Scoffers, there are many people who you have never heard of who have spent entire professional lives exploring just what television does to the human mind–a lot more time than you spend watching, say, Survivor, which is completely off the mark about what it takes to survive in dire circumstances. Let me tell you, cooperation works much better than a tarty T’n’A version of F**K Your Buddy.
“Therefore, when the TV presents sudden close-ups, flashing lights, etc. as stimuli, the core-limbic brain immediately goes into a “fight or flight” response with the release of hormones and chemicals throughout the body. Heart rate and blood pressure are increased and blood flow to limb muscles is increased to prepare for this apparent emergency. Because this all happens in our body without the corresponding movement of our limbs, certain TV programs actually put us in a state of chronic stress or anxiety.”
—Strangers in Our Home: TV and Our Children’s Minds, Dr. Susan R. Johnson
Considering the violent and negative content of most television shows, material that bashes tens of thousands of murders and hundreds of thousands of violent acts into the little tykes before adolescence, four hours of television or violent video games should qualify as child abuse instead of an accepted and “normal” American component of child rearing. Encouraging a child to acquire a television habit is equivalent to encouraging them to become narcotic addicts to shut them up and make them docile. You’d probably do your kid less harm by getting him a nice med habit and sparing him the trauma of seeing 8,000 people gunned down, knifed, garroted or tossed from high places. Or, you could find time in your American day to read to them or take them to a park, you know, boring stuff you actually have to do.
The February issue of the journal Pediatrics reported a research team’s recommendation of no television for children under 2 and limiting viewing for those older to two hours, as they “spend less time interacting with their family and playing creatively” (www.utexas.edu/opa/news/2006/02/human_ecology06.html).
Additionally, it is worth noting that the National Institute of Environmental Health Sciences recently identified electromagnetic fields produced by many television receivers as carcinogenic. Then there is the growing evidence of TV exacerbating ADHD in kids.
It is not a stretch to suggest children are being conditioned, drugged and top-loaded to become emotionless, imperial auto-killers for whom the ultimate dispute resolution technique–killing–is taught between KFC ads, a telling plot line having the kids run past a set table with the KFC bucket on it and buckling themselves in the SUV, the obvious implication that they have been conditioned to understand that supper means riding to the KFC for take-out. Is that supposed to be funny or instructive? If either, you need some serious child lessons.

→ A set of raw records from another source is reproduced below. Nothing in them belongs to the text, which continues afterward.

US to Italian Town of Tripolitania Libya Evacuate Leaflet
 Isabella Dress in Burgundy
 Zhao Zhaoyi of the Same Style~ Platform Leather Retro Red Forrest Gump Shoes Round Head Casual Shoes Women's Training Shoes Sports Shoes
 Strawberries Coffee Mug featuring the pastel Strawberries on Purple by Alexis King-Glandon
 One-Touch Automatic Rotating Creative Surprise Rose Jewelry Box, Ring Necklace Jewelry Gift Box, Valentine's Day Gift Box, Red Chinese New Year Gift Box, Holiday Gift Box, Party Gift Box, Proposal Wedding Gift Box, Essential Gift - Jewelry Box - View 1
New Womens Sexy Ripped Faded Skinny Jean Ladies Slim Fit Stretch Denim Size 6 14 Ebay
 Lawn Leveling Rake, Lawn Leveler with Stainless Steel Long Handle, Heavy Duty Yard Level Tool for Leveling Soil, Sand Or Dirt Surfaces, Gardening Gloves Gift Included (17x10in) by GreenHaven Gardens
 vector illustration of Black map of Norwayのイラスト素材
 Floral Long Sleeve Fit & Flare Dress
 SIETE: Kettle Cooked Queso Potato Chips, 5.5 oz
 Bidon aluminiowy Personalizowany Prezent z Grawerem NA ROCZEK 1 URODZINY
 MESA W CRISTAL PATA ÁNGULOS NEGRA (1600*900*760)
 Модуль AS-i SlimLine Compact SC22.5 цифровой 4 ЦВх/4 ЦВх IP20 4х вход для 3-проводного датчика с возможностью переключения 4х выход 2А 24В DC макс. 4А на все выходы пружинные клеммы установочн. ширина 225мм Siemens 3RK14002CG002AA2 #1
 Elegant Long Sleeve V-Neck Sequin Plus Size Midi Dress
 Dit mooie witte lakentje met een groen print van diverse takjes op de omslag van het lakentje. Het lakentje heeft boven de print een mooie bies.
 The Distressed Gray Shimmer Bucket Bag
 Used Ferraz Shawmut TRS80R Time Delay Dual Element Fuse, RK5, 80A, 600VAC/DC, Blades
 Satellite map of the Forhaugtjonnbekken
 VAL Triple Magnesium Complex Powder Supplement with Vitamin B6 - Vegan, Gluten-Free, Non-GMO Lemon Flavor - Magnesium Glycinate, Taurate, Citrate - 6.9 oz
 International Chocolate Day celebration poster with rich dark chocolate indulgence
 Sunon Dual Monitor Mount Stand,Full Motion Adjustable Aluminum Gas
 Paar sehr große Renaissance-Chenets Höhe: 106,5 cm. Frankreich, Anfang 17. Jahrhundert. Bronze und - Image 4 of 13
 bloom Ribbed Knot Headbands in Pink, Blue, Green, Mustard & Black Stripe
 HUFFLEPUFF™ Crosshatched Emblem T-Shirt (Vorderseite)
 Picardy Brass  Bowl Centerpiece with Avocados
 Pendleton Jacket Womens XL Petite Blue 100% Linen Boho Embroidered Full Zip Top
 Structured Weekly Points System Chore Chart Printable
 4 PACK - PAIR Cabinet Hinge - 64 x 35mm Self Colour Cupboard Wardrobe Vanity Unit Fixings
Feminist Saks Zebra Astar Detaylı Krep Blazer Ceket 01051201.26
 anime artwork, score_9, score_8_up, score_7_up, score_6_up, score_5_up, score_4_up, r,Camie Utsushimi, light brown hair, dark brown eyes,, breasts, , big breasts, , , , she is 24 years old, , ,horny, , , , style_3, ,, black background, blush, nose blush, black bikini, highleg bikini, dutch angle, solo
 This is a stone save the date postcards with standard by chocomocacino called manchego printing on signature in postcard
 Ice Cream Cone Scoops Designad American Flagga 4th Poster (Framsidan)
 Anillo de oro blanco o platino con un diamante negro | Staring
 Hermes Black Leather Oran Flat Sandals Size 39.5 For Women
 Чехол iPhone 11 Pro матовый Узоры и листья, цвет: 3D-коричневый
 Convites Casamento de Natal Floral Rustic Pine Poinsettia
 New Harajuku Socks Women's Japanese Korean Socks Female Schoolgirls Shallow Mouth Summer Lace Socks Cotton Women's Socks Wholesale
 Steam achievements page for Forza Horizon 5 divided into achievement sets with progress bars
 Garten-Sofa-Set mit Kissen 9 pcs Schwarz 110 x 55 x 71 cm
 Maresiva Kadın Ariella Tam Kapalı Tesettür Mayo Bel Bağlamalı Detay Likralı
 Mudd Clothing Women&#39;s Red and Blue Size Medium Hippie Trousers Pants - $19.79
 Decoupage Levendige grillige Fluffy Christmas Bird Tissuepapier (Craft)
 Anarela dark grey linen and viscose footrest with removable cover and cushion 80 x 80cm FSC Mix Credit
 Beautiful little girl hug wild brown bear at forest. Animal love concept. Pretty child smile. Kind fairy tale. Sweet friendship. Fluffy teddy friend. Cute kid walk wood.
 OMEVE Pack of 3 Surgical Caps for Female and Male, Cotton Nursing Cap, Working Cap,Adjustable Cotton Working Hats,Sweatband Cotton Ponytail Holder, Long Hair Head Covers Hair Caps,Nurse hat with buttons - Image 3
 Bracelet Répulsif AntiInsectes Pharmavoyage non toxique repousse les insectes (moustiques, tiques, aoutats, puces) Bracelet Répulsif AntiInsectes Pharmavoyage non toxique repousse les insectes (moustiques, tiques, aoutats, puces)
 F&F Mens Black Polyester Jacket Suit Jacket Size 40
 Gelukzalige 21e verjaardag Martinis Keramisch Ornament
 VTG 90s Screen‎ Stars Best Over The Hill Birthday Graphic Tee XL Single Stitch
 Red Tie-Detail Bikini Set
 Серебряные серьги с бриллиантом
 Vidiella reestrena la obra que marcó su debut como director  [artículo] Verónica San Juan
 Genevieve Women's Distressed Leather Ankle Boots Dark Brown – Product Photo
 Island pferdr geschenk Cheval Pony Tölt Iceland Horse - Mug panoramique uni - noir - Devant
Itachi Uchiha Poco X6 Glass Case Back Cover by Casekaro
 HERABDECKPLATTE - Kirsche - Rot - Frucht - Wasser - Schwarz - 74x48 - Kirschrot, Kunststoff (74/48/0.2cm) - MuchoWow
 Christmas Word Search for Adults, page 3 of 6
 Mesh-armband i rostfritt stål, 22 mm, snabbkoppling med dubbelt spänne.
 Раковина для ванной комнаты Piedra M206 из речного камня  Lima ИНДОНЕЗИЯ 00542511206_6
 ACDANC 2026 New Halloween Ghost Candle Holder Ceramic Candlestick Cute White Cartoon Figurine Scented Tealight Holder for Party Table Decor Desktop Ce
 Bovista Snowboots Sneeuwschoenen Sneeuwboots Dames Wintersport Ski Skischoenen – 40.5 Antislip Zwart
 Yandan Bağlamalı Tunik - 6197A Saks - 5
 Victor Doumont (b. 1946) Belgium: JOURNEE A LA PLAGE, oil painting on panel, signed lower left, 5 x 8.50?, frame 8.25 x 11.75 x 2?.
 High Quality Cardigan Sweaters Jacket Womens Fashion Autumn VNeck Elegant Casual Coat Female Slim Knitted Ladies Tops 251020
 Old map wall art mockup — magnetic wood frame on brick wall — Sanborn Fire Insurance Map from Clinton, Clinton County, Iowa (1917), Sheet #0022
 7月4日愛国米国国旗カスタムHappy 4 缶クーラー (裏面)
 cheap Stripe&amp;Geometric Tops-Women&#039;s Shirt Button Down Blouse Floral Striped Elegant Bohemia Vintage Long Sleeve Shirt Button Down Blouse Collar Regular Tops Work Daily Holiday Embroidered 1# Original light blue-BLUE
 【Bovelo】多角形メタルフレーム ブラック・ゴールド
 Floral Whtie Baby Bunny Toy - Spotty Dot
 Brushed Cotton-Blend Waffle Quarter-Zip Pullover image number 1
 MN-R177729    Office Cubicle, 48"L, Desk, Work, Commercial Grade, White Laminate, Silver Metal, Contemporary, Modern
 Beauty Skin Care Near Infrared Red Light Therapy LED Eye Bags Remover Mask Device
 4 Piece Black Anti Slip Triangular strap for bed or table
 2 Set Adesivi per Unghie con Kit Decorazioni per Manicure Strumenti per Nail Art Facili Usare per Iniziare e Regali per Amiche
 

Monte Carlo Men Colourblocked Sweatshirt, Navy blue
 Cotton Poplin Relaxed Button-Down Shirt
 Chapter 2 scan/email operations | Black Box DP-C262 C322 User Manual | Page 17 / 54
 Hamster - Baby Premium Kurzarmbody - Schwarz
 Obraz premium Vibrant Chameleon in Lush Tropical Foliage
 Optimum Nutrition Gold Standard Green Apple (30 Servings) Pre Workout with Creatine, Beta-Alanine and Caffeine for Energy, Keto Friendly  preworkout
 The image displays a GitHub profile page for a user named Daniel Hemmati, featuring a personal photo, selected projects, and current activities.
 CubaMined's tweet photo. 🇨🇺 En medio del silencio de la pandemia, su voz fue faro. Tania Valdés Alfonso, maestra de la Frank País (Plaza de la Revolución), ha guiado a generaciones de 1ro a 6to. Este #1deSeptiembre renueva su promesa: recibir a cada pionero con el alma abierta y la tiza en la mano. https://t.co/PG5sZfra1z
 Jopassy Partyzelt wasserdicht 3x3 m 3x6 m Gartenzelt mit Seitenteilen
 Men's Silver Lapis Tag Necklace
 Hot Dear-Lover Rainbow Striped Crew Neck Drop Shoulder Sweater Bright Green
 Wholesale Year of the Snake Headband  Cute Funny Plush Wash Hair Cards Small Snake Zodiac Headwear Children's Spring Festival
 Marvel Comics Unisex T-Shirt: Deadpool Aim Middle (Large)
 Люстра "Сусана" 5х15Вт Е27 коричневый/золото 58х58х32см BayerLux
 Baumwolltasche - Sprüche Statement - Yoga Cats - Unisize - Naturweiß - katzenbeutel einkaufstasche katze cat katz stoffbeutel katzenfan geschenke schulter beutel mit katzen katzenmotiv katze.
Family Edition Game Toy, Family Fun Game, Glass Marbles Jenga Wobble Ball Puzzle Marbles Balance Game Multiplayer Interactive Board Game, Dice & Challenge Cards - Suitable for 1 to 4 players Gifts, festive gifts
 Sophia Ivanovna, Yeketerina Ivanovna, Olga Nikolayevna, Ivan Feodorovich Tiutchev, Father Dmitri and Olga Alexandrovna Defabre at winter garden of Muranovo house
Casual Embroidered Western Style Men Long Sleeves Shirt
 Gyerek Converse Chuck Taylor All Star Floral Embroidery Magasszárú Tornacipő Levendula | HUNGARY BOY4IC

A .38 is perfect. It sails right through the screen and lodges in the chassis–no sheetrock and paint repairs. A .22 works fine, but be careful, the light round can skitter on the thick glass. Shotguns are spectacular although they make one hell of a mess.
Forget it. The gun thing is kinda Elvis and 9/10. Plus, they’re kinda tricky and loud, definitely not for everyone.
Use a technique pioneered by my son years ago one morning before Soul Train. Little feller accidentally poured orange juice (Coca-Cola works well) in the vents of the old black and white. Sput, blut, screeeeee. Don Cornelius shrank to a dot and winked out.
Give it a week. Keep a TV journal and when the time seems right, go ahead and do it. Tell me what you were thinking when you did it.